• Assigned task
Word for word, transcribe the lines below and drop the pictures.

• Data shown

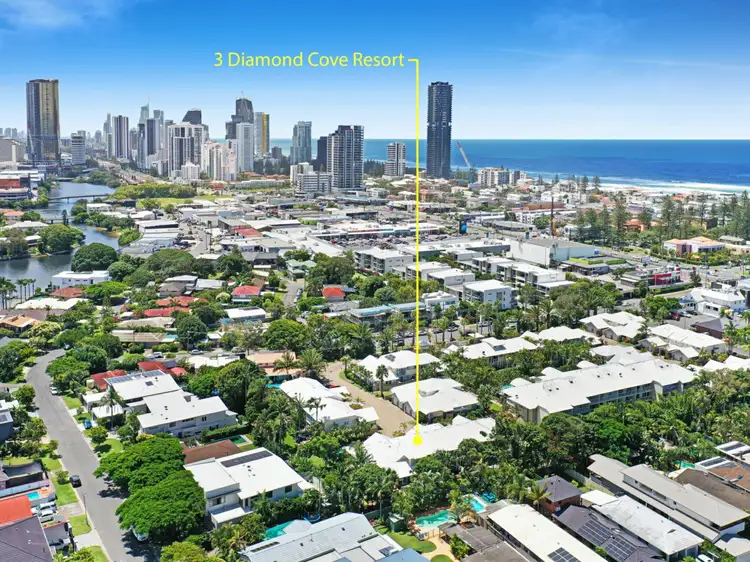 Second view of Homely townhouse listing, 3/16 Crescent Avenue, Mermaid Beach QLD 4218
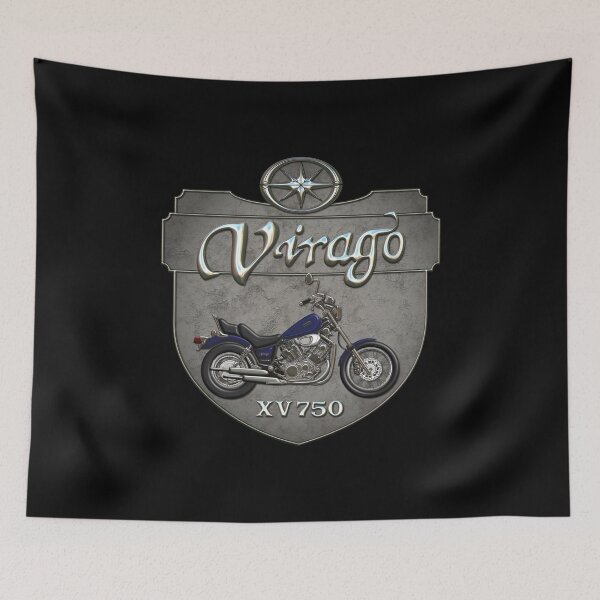 Item preview, Concrete Shield Virago XV 750 Blue designed and sold by KlaraBubble.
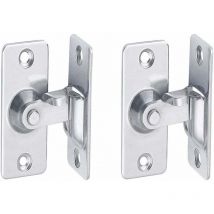 Drill Bit Set 90 Degree Right Angle Stainless Steel Door Lock Used for Wooden Fences, Doors and Windows, Sliding Doors (Silver 2)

• Response to the task
 Second view of Homely townhouse listing, 3/16 Crescent Avenue, Mermaid Beach QLD 4218
 Item preview, Concrete Shield Virago XV 750 Blue designed and sold by KlaraBubble.
 Drill Bit Set 90 Degree Right Angle Stainless Steel Door Lock Used for Wooden Fences, Doors and Windows, Sliding Doors (Silver 2)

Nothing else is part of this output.